Source records:

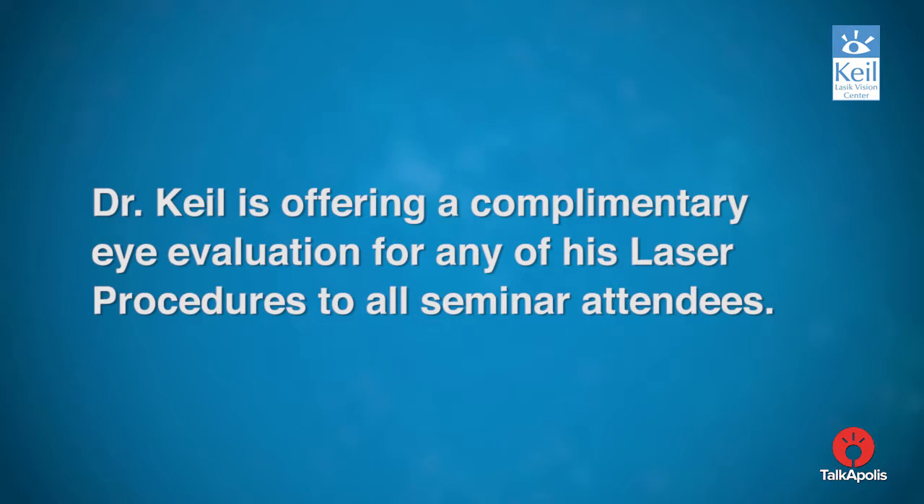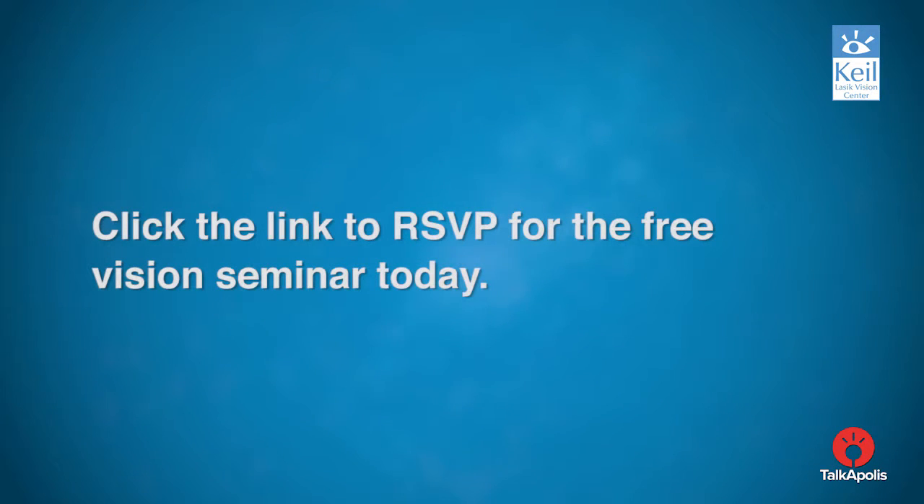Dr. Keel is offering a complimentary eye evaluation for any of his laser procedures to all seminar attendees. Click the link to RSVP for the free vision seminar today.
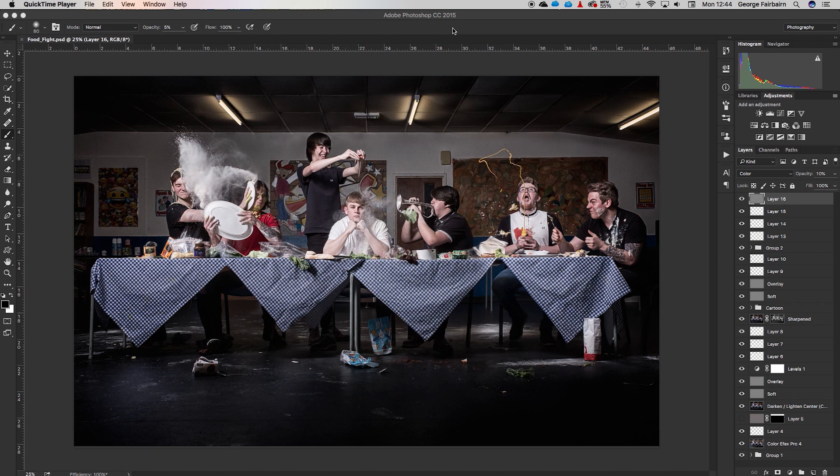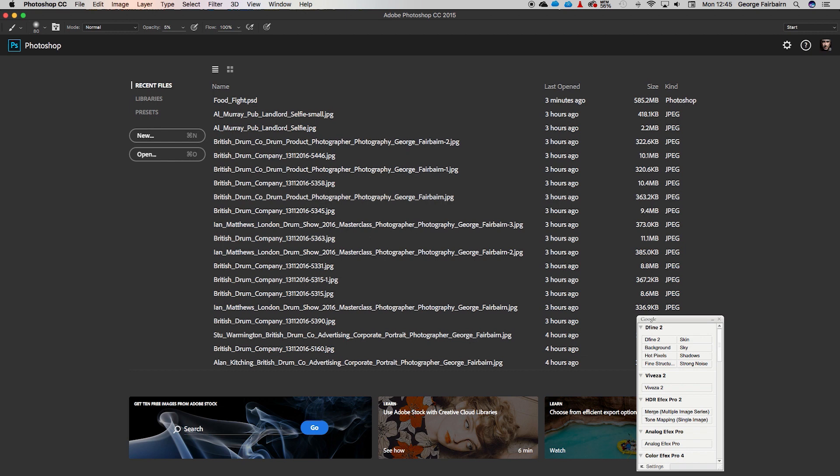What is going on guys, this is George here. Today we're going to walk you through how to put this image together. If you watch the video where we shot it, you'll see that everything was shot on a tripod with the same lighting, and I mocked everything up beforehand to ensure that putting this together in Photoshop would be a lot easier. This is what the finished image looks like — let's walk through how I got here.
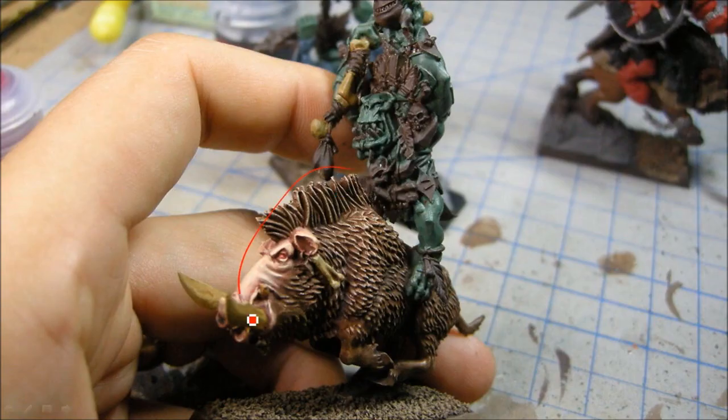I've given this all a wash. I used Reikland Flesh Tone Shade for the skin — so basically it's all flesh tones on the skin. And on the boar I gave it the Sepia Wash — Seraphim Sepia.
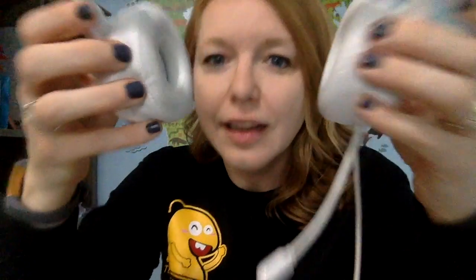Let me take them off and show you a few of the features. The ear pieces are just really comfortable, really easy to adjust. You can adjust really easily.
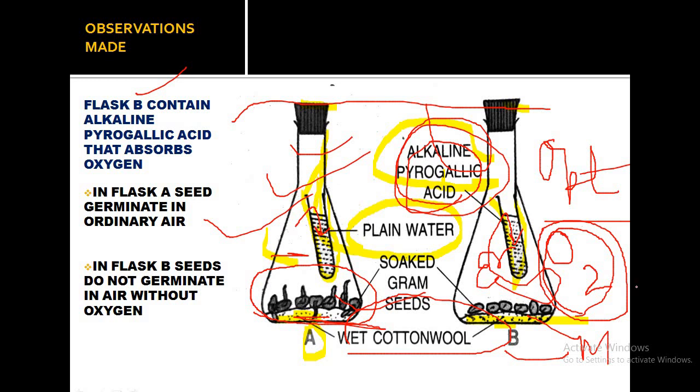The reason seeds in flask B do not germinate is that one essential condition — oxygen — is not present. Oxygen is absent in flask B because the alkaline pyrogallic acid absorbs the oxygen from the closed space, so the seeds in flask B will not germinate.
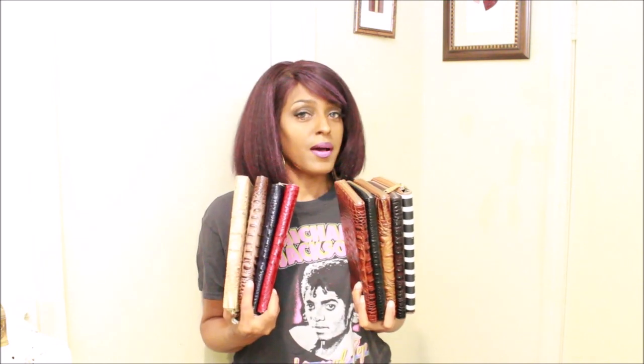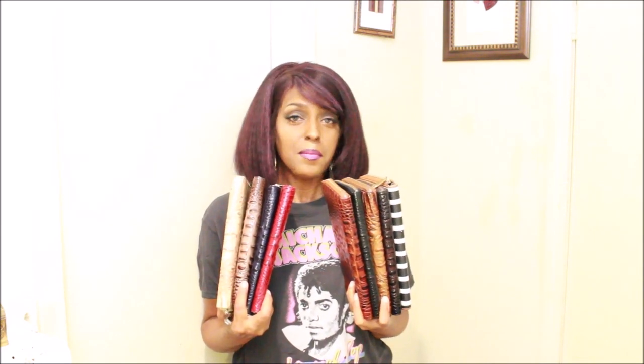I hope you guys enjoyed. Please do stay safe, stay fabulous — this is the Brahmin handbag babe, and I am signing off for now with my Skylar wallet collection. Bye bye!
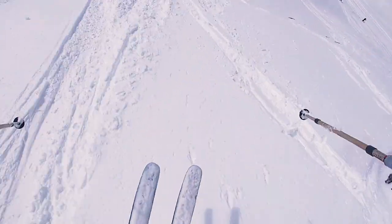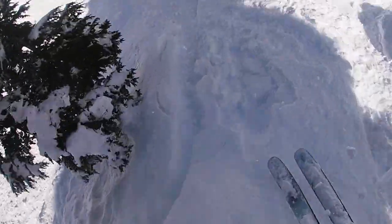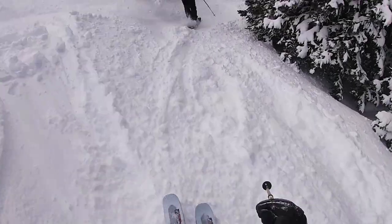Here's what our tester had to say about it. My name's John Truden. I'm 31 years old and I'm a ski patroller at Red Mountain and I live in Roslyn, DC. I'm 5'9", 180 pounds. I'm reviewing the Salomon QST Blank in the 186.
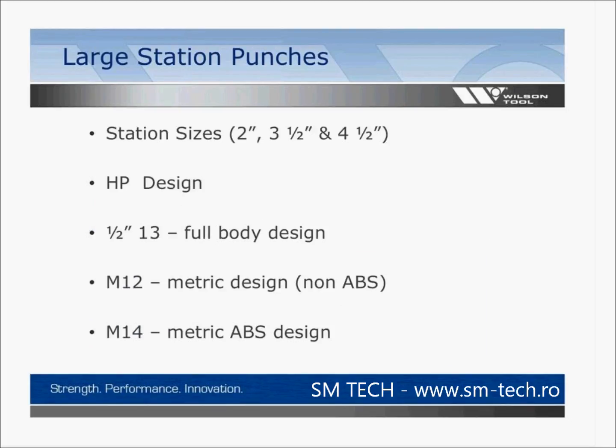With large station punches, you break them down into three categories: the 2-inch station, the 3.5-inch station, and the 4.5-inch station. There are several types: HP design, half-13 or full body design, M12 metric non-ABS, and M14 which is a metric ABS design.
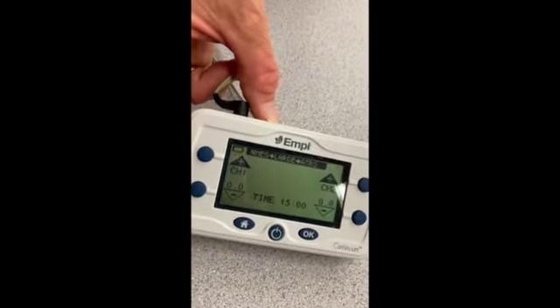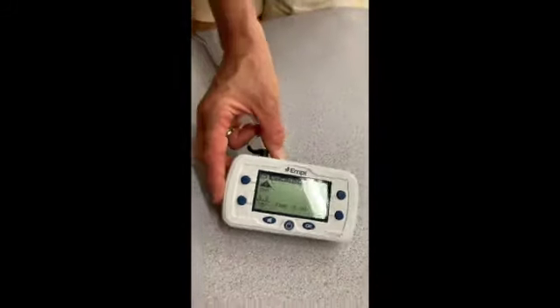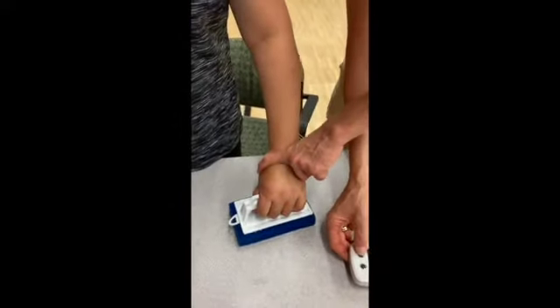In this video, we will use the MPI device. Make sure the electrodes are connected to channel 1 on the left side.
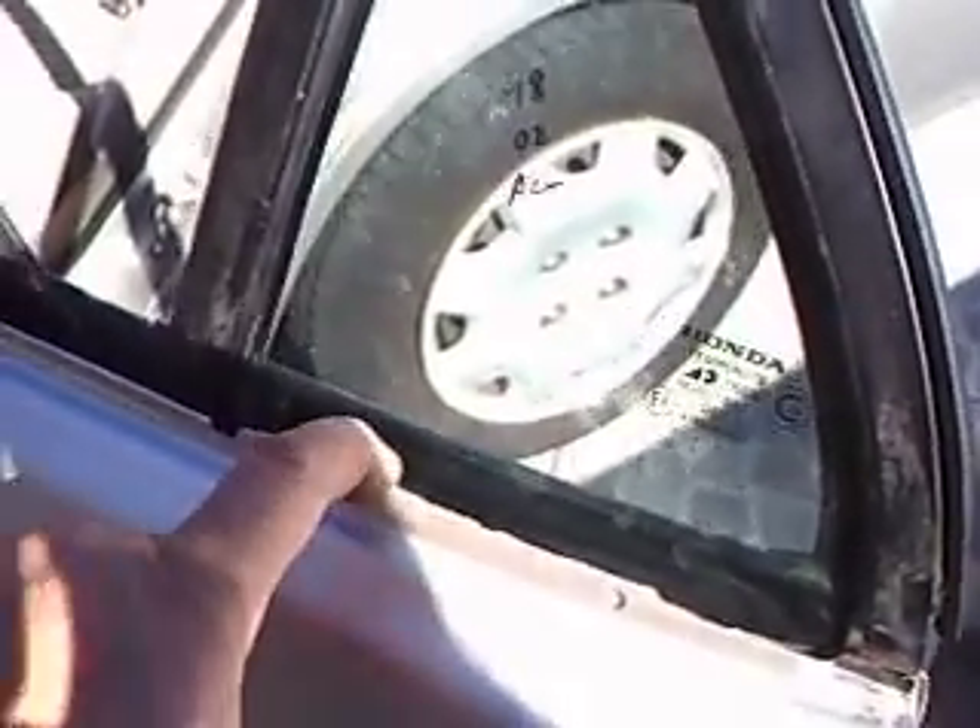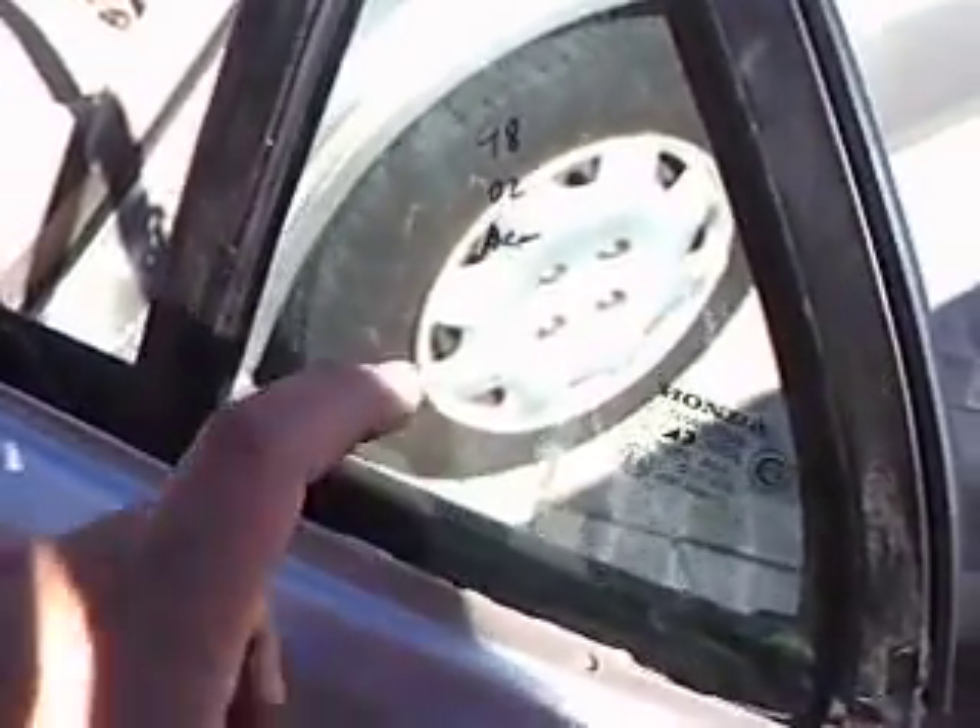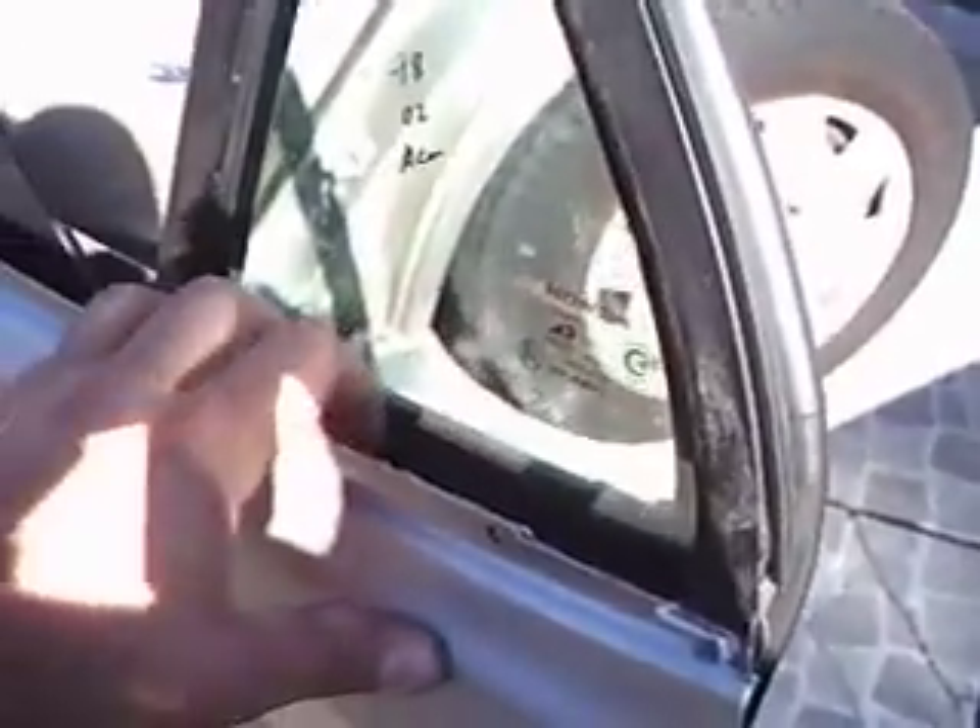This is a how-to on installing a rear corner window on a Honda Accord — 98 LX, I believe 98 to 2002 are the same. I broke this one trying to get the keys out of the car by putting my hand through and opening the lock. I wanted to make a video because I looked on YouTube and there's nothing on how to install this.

WHAT IS NEEDED: From the line that holds "What is going" to the last line of the data, return those lines exactly and nothing else; both ends count, and pictures stay out.

SOLUTION TO THE PROBLEM:
What is going on guys, this is George here. Today we're going to walk you through how to put this image together. If you watch the video where we shot it, you'll see that everything was shot on a tripod with the same lighting, and I mocked everything up beforehand to ensure that putting this together in Photoshop would be a lot easier. This is what the finished image looks like — let's walk through how I got here.
I've given this all a wash. I used Reikland Flesh Tone Shade for the skin — so basically it's all flesh tones on the skin. And on the boar I gave it the Sepia Wash — Seraphim Sepia.
Let me take them off and show you a few of the features. The ear pieces are just really comfortable, really easy to adjust. You can adjust really easily.
The reason seeds in flask B do not germinate is that one essential condition — oxygen — is not present. Oxygen is absent in flask B because the alkaline pyrogallic acid absorbs the oxygen from the closed space, so the seeds in flask B will not germinate.
I hope you guys enjoyed. Please do stay safe, stay fabulous — this is the Brahmin handbag babe, and I am signing off for now with my Skylar wallet collection. Bye bye!
Here's what our tester had to say about it. My name's John Truden. I'm 31 years old and I'm a ski patroller at Red Mountain and I live in Roslyn, DC. I'm 5'9", 180 pounds. I'm reviewing the Salomon QST Blank in the 186.
With large station punches, you break them down into three categories: the 2-inch station, the 3.5-inch station, and the 4.5-inch station. There are several types: HP design, half-13 or full body design, M12 metric non-ABS, and M14 which is a metric ABS design.
In this video, we will use the MPI device. Make sure the electrodes are connected to channel 1 on the left side.
This is a how-to on installing a rear corner window on a Honda Accord — 98 LX, I believe 98 to 2002 are the same. I broke this one trying to get the keys out of the car by putting my hand through and opening the lock. I wanted to make a video because I looked on YouTube and there's nothing on how to install this.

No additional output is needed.